Once the line with "Ford Focus view 15" has been located in the records below, set down that line and all subsequent lines exactly, omitting the pictures.

++++ Given data

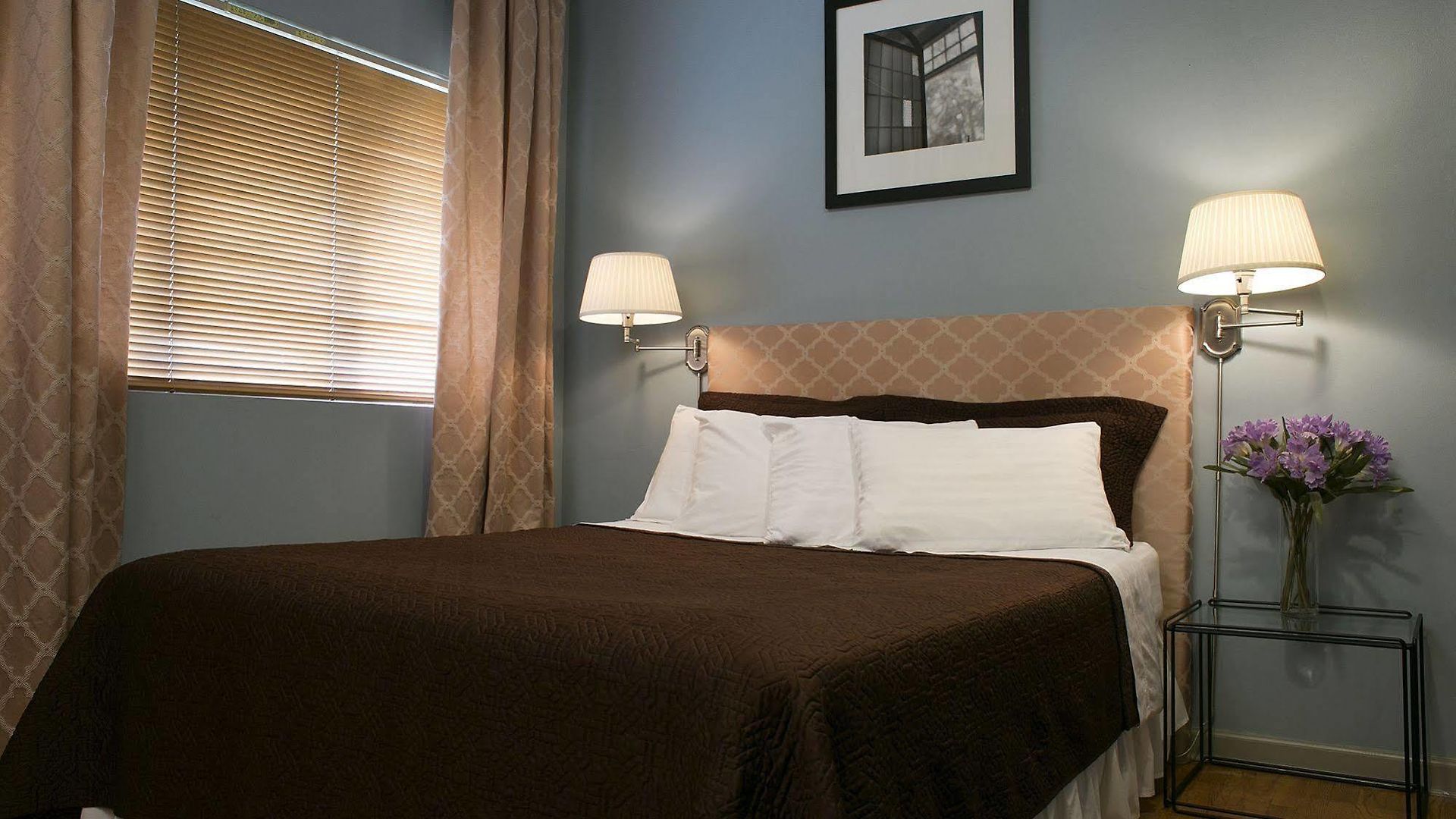 Wicker Park Bed & Breakfast Chicago
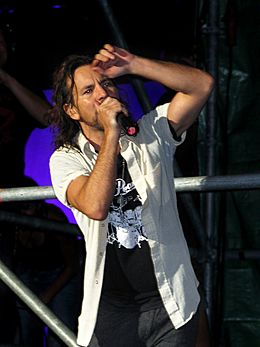 Eddie Vedder and Pearl Jam in concert in Italy 2006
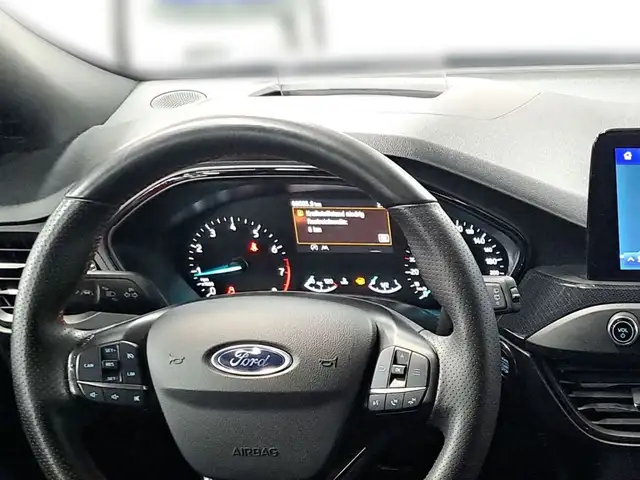 Ford Focus view 15
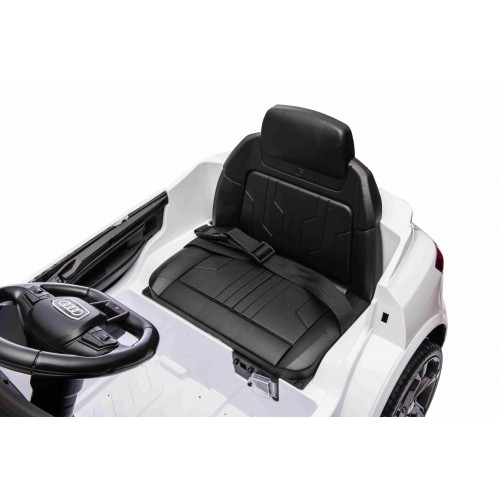 Vozidlo Audi SQ8 White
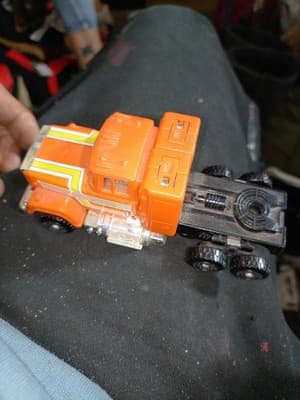 1984 Bandai Transformer - Thumbnail 7
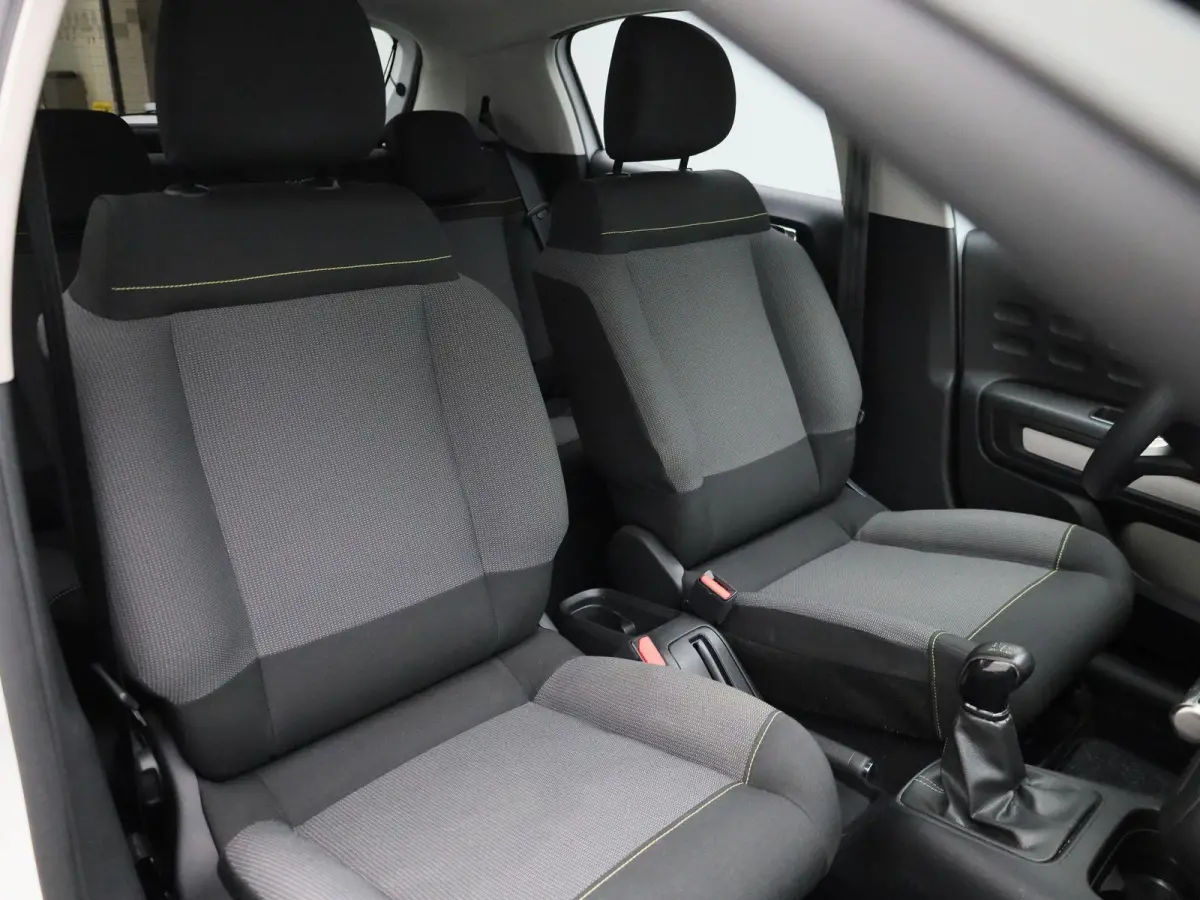 1.2 PureTech Feel | APPLE CARPLAY - ANDROID AUTO | NAVIGATIE | CRUISE CONTROL | CLIMATE CONTROL |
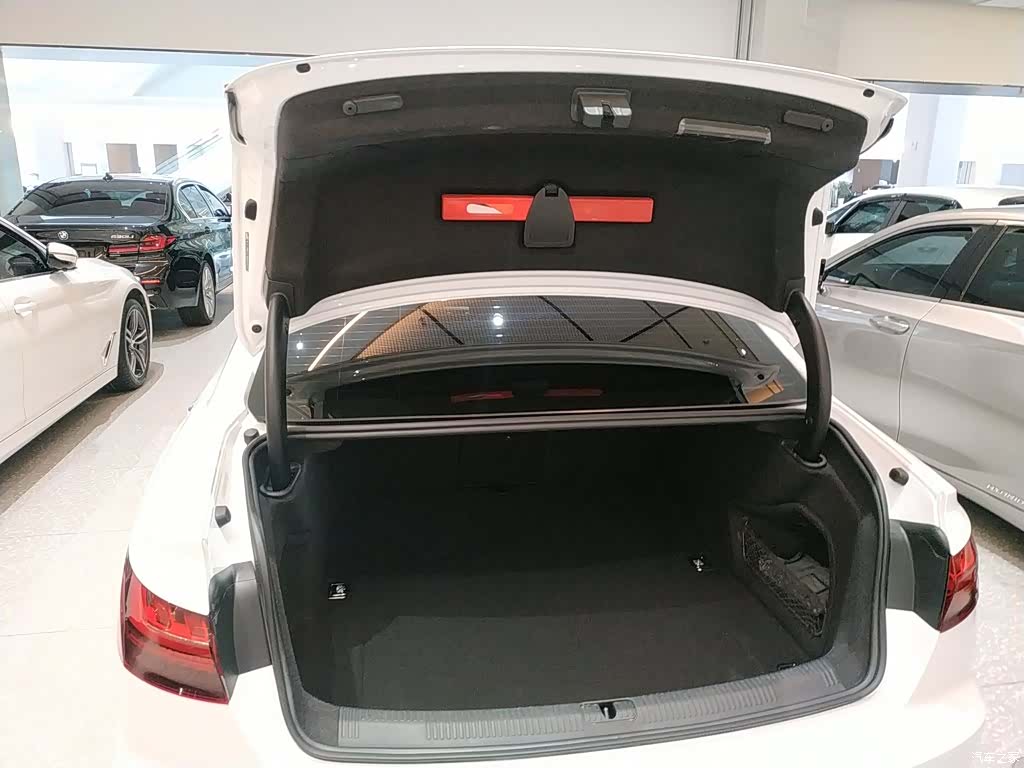 Audi A4L, 2024 19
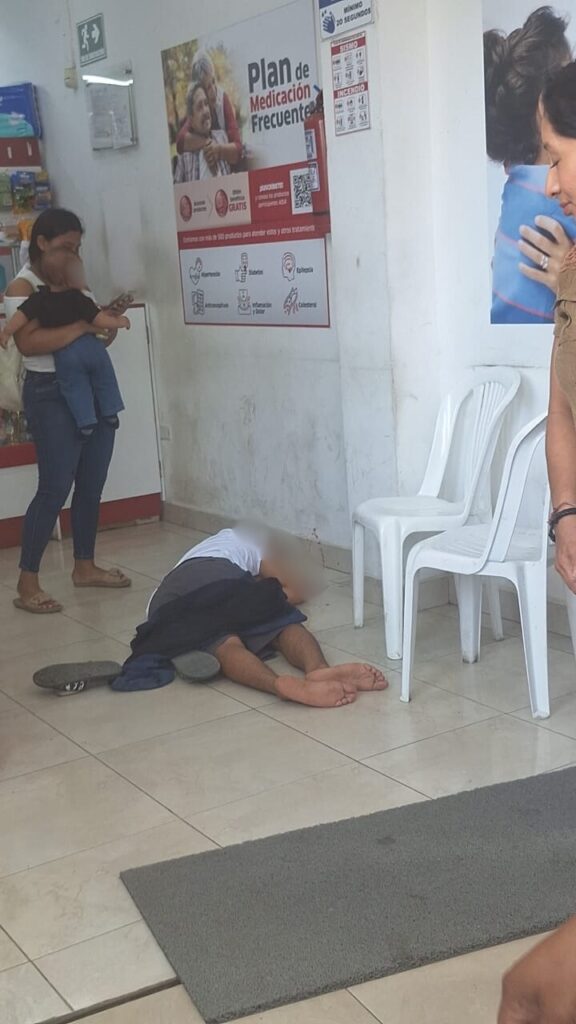 Jordan Farías quedó sin vida en el interior de la farmacia donde compraba medicamentos.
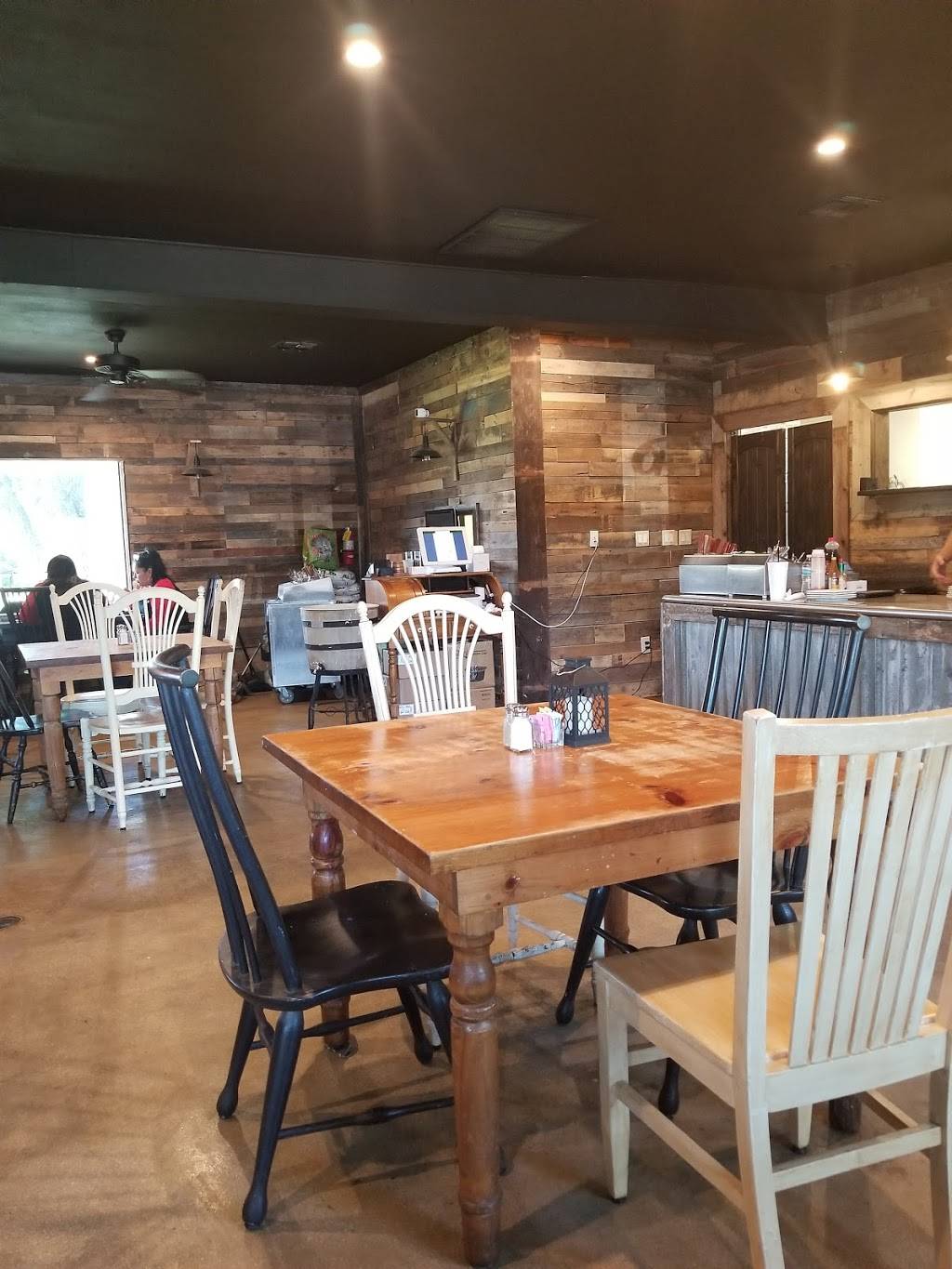 The Office | restaurant | 205 E Hunt St, Pleasanton, TX 78064, USA | 8304805140 OR +1 830-480-5140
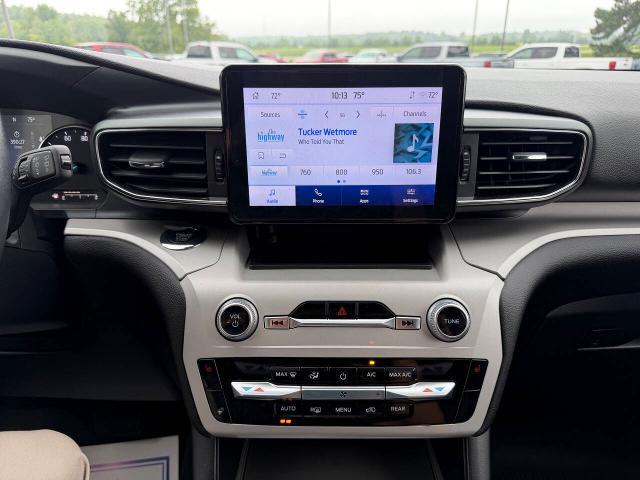 2023 Ford Explorer - $34,995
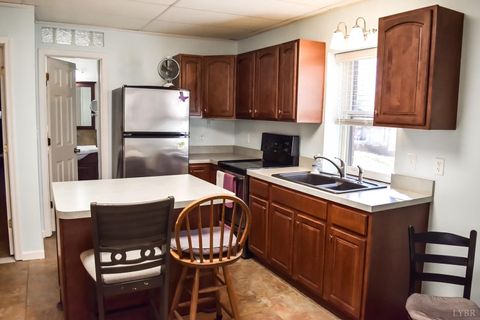 Tiny photo for 621 Cedar Gate Road, Monroe, VA 24574 (MLS # 362473)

++++++++

Solution:
 Ford Focus view 15
 Vozidlo Audi SQ8 White
 1984 Bandai Transformer - Thumbnail 7
 1.2 PureTech Feel | APPLE CARPLAY - ANDROID AUTO | NAVIGATIE | CRUISE CONTROL | CLIMATE CONTROL |
 Audi A4L, 2024 19
 Jordan Farías quedó sin vida en el interior de la farmacia donde compraba medicamentos.
 The Office | restaurant | 205 E Hunt St, Pleasanton, TX 78064, USA | 8304805140 OR +1 830-480-5140
 2023 Ford Explorer - $34,995
 Tiny photo for 621 Cedar Gate Road, Monroe, VA 24574 (MLS # 362473)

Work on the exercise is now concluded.